How we can improve HMO

Josh Underberg, Staff Writer

Josh Underberg

I recently completed Horace Mann Orientation (HMO), a required first trimester class for ninth graders. One teacher and multiple upperclassmen mentors lead HMO class discussions in a variety of different topics from stress management to interactions with parents to parties.

The class was very productive for the first few weeks, but was unnecessary to take an entire trimester. By the end, students stopped paying attention in class because they lost interest in the topics that seemed increasingly less relevant as the trimester progressed.
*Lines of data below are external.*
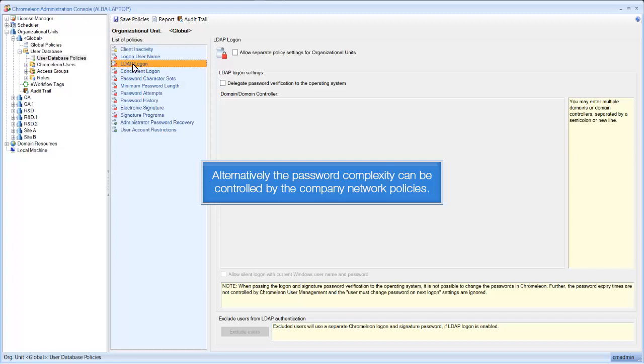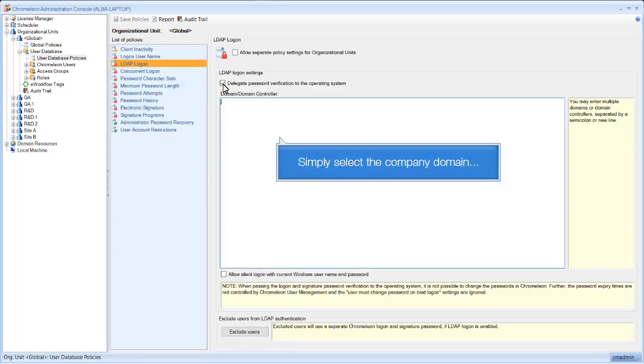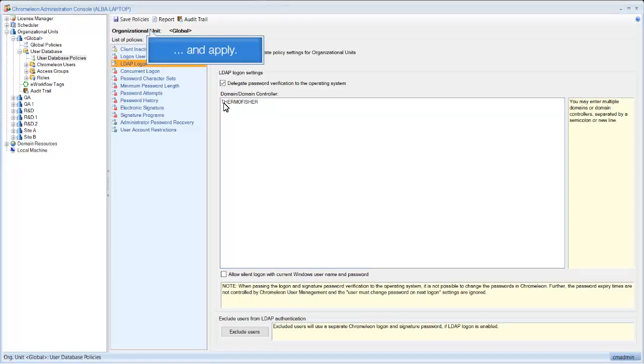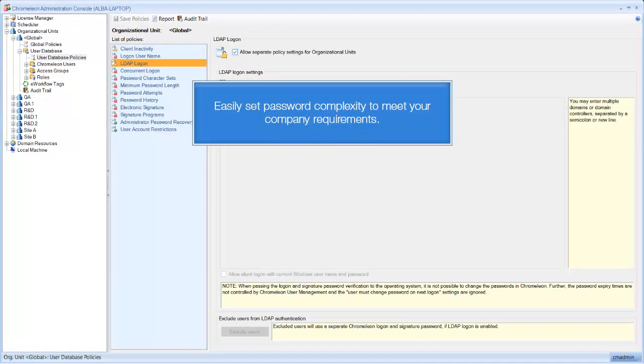Alternatively the password complexity can be controlled by the company network policies. Simply select the company domain, and apply. Easily set password complexity to meet your company requirements.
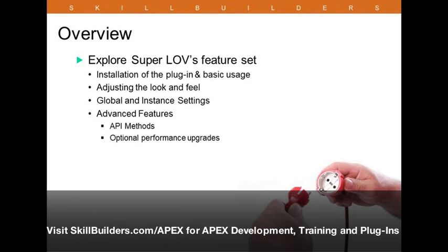This is just a high-level overview of what we're going to be doing today. We're going to start with the basics, taking a look at how to install the plug-in and, of course, get it working on a very basic level. From there, we're going to go into adjusting the look and feel of the plug-in. There's quite a few different options for that, from jQuery UI themes to just various settings in the plug-in itself. Then we'll look at other both global and instance-level settings, after which we'll go into advanced features such as API methods and additional and optional performance upgrades.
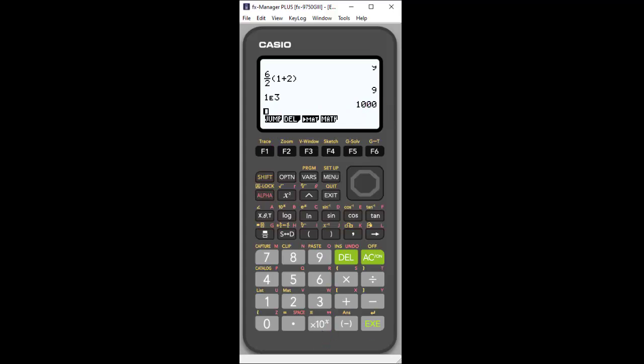So those are just some of the options and changes, and we're going to be exploring more of these specific menu options as we go along.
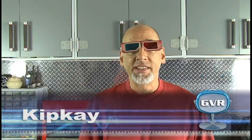Welcome back to another gadget video review. I'm Kip Kay. Today we're going to take a look at the world's first 3D webcam. So get your 3D glasses and let's take a look.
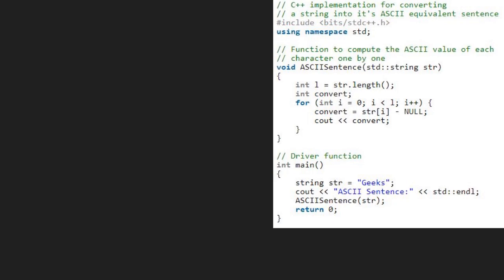We take a sample string Geeks and pass it to str in the ASCII sentence function. Now, in the ASCII sentence function, we take an integer l which will be equal to str.length, i.e. 5. We take an integer convert and iterate in the for loop from 0 to l.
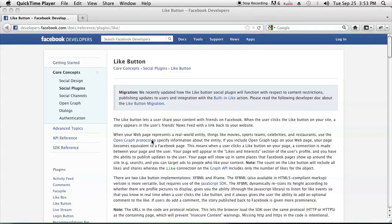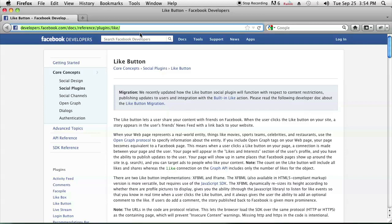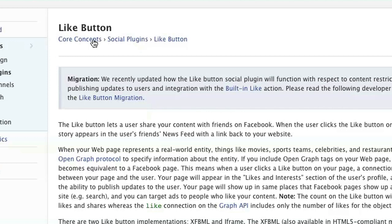So in order to do this, all you got to do is go to developers.facebook.com/docs/reference/plugins/like. Go to that website and you'll find a Facebook developers page that'll tell you all you need to do to get the like button.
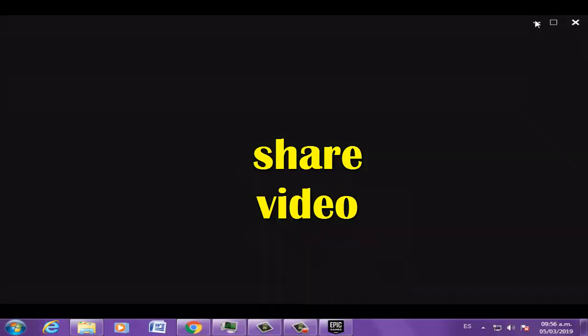Share the videos and subscribe to this channel please. Bye bye boys.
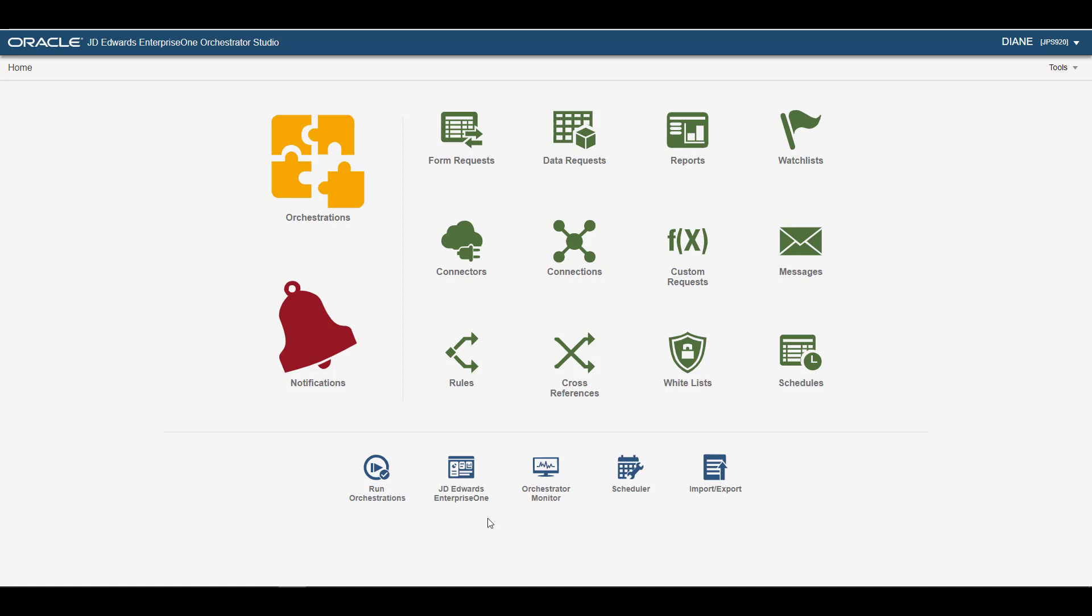You use the Orchestrator Process Recorder to capture the form request actions directly in Enterprise One. It's important to mention here that to access the Process Recorder in Enterprise One, a System Administrator must enable it through UDO Feature Security. Also, a System Administrator must grant you permission to create service requests through UDO Action Security.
Parties, stress relief exercises, study habits, and a tour of the high school were the most important topics. The discussion about parties, for example, was very relevant to the lives of freshman students. There are not many parties in the middle school and if there were, they were completely unlike those in high school. In regards to stress management, it was very helpful to discuss different strategies that help acclimate us to the new high school curriculum and take our minds off the increasing number of tests, quizzes, and papers. The mentors are easy to relate to because they have all been in our position and work hard to create a stress-free environment. The tour helped all students navigate the multiple halls of the upper school. I’ve attended our school since I was three years old and still didn’t know certain areas of the school like the location of the main office.

Other topics like relationships with parents at home are not as important especially in an orientation class. We have multiple guidance offices at the school that students can go to if they want to discuss their relationships at home. Additionally, the ninth grade already had an entire mandatory evening program at the beginning of the year dedicated to parent-children relationships. Within that night we covered a lot of what we already spent time discussing in HMO, such as what makes and doesn’t make for positive conversations with parents.

The HMO curriculum should only discuss stress management, parties, and study skills in addition to the upper division tour. These topics relate to ninth graders the most and would be the best use of time. This would also shorten the class, meeting for only a month or a month and a half leaving extra free periods for students throughout the first trimester. These free periods could provide time to meet with teachers to review for tests. My biology teacher has a busy schedule, and an extra free period would have been helpful for scheduling meetings. By the end of the trimester I felt like I was dragging myself to the class, and talking about highs and lows, something we already do in advisory, became mundane. If the length of the class were shortened I, along with other classmates, would have the motivation to be more involved in class and the actual conversations would be richer and more meaningful.

HMO is an important class, especially to new students. For this reason HMO should be continued. I am not suggesting terminating the class, just shortening it.